Die ersten Menschen is een opera in twee bedrijven van Rudi Stephan. Als libretto koos hij het gelijknamige toneelstuk van Otto Borngräber, dat laatstgenoemde omschreef als een “erotisches Mysterium”. Het werk ging in première op 1 juli 1920 in Frankfurt am Main, bijna vijf jaar na de dood van de componist.
You can have any review automatically translated. Just click on the Translate button,
which you can find in the Google bar above this article.
Adahm: Kyle Ketelsen; Kajin: Leigh Melrose; Chawa: Annette Dasch; Chabel: John Osborn; Orkest: Koninklijk Concertgebouworkest; Muzikale leiding: François-Xavier Roth; Regie Calixto Bieito
Muziek: 5*****
Regie: 2**
Die ersten Menschen
“vóór den uchtend van hun bloei vergaan…”
In 2021 stond er in het Muziektheater een productie van La Damnationa de Faust gepland, een alleraardigste opera met veel koor, vol emotionele expressie en, virtuoze passages; duurt zo’n ruime 2 uur, goed te doen, in tegenstelling tot Les Troyens, een opera die ruim 3 uur in beslag neemt. Berlioz is sowieso al een risico voor een teer gestel, maar Les Troyens is een bezoeking. Prachtig hoor, die grote contrasten in tempo, dynamiek en instrumentatie, die wisseling tussen statige, heroïsche passages en intieme, lyrische momenten, die dynamische spanning en emotionele impact… maar kan het niet wat bondiger?
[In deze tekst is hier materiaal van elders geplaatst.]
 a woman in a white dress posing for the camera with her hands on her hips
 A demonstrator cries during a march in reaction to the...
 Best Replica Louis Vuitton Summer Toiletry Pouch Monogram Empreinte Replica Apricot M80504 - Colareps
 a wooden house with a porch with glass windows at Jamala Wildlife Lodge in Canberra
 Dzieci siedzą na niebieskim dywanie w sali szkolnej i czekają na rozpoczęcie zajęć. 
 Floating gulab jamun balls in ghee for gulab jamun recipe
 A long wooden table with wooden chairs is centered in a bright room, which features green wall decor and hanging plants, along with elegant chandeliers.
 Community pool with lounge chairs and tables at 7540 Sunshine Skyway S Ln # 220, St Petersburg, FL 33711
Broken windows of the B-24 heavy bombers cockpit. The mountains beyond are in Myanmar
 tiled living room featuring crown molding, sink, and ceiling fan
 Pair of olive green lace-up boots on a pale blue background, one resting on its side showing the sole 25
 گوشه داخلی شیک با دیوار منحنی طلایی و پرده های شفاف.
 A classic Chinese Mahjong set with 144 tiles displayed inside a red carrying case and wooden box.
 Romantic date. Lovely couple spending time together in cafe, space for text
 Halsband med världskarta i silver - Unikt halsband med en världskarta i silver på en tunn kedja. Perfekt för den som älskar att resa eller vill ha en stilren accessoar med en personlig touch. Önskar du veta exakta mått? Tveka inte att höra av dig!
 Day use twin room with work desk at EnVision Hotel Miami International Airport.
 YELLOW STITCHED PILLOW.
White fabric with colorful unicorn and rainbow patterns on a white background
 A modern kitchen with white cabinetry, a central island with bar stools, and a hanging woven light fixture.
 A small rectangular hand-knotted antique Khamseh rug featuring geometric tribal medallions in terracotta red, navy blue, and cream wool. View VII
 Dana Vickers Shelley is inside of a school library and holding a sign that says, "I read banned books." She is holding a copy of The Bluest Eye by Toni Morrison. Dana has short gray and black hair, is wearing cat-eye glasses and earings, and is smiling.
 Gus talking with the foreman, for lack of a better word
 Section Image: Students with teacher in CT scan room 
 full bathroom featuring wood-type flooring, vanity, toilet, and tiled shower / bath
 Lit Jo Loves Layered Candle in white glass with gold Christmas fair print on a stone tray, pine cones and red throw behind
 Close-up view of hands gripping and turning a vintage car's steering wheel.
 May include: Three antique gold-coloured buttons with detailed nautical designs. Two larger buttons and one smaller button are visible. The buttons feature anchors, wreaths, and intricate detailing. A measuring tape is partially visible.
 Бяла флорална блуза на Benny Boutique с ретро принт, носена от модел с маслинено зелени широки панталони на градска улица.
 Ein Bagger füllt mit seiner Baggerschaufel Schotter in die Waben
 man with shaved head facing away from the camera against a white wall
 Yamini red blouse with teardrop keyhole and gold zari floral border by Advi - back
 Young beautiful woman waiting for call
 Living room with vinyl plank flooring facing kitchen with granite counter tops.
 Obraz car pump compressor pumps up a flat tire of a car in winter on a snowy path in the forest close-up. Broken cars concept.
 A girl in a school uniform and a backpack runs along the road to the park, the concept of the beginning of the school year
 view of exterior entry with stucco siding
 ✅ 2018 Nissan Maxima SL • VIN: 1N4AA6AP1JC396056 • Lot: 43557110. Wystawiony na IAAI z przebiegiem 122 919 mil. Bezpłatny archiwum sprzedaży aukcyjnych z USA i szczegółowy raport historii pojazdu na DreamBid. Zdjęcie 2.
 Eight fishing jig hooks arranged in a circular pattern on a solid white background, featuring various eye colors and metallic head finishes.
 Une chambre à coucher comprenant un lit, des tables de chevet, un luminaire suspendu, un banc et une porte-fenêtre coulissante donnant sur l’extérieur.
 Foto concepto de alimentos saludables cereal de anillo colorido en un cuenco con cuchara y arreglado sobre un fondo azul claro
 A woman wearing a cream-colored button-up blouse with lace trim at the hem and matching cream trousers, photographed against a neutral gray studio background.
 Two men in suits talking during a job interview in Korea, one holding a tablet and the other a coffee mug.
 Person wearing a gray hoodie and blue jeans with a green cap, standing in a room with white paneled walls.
In 2021 kon die Damnation helaas niet door kon gaan vanwege corona, dus ging men op zoek naar een coronabestendige reserve-opera. Gevonden! Die ersten Menschen: slechts 4 solisten en geen koor, volkomen corona-bestendig. Nu, 4 jaar later, wordt Die ersten Menschen hernomen en dat werpt meteen een essentiële vraag op: waarom eigenlijk? Wij blijven u het antwoord schuldig. Contractuele verplichtingen wellicht, of een gebaar naar Mensen van Nu om weer eens met regisseur Calixto “toch-heb-ik-mooie-producties-van-hem-gezien” Bieto op het affiche te pronken? Als wij het voor het zeggen hadden (Volksleger der DNO-volgers: bewapent u!): wij hadden gekozen voor een van de weinige (zeer) geslaagde DNO-producties, namelijk Königskinder. Maar ja, het publiek smachtte naar Die ersten Menschen. “Die opera moet ik beslist nog een keer zien”, sidderde het door het land. En als er één instantie is die er voortdurend in slaagt om het iederéén naar de zin te maken, dan is het DNO wel. Herinnert u zich de volksfeesten op straten en pleinen nog na de première van Fidelio? De huis-aan-huis verkopers van sneeuwbolletjes met het portret van Beethoven deden goede zaken!

Die ersten Menschen
Componist Rudi Stephan putte voor zijn libretto uit een toneelstuk van Otto Borngräber (ook wel: Borngreber), Die ersten Menschen. Erotisches Mysterium in zwei Akten. Het behandelt de oorsprong van de mensheid, de vroegste vormen van menselijke interactie in een mystieke context. Borngräber verwerkt elementen van filosofie, mythologie en erotiek om te reflecteren op de oermenselijke ervaringen van verlangen, seksualiteit en spiritualiteit. Een klusje dat hij zich niet graag liet ontnemen.
Disfunctioneel gezin
In de opera wordt de oerversie van Het Gezinnetje gepresenteerd, een soort Addams Family redux, bestaande uit Adahm (Kyle Ketelsen), Kajin (Leigh Melrose), Chawa (Annette Dasch) en Chabel (John Osborn). De bijbelvasten onder ons herkennen Adam, Eva, en de gebroeders Kaïn en Abel. Het is een rommeltje in huize Adam-Eva. Chawa zit maar een beetje te dagdromen: wat was haar nu afgeleefde echtgenoot Adahm vroeger toch een lekker ding! Meid, hou op! Adahm is agrariër (?) en werkt zich het leplazarus: ja, weinig tijd voor vrouw en kinderen, dat weten we nu wel, maar wie brengt er anders brood op de plank? Ook haar zoontjes waren vroeger schatjes. Vroeger! Nu is Kajin is een sexual predator, op zoek naar de ultieme buit, die hij nooit zal vinden (Jennifer Lawrence was nog nergens te bekennen). Chabel is een heel eng kereltje. Hij wordt geteisterd door delieren over God c.s. en heeft een incestueus gedachtenleven vol begeerte naar het brandende braambos van Mevrouw Zijn Moeder. Daarvoor is hij bij zijn moeder, Chawa, precies aan het goede adres. (Een ander adres is er trouwens niet.) Daar voelt Kajin zich dan weer onveilig bij, en hij slaat zijn broer de hersens in. Get it over and done with! Het is ook lastig: hoe verwekken 3 mannen en 1 vrouw een mondiaal nageslacht? Het onontkoombare en reeds gegeven antwoord is: via inteelt. Jules de Corte, Beethoven, het Kindeke Jezus, Koningin Juliana, The Elephant Man, Peter Konwitschny… zij allen zijn, net als u en ik, producten van inteelt. Het verklaart veel.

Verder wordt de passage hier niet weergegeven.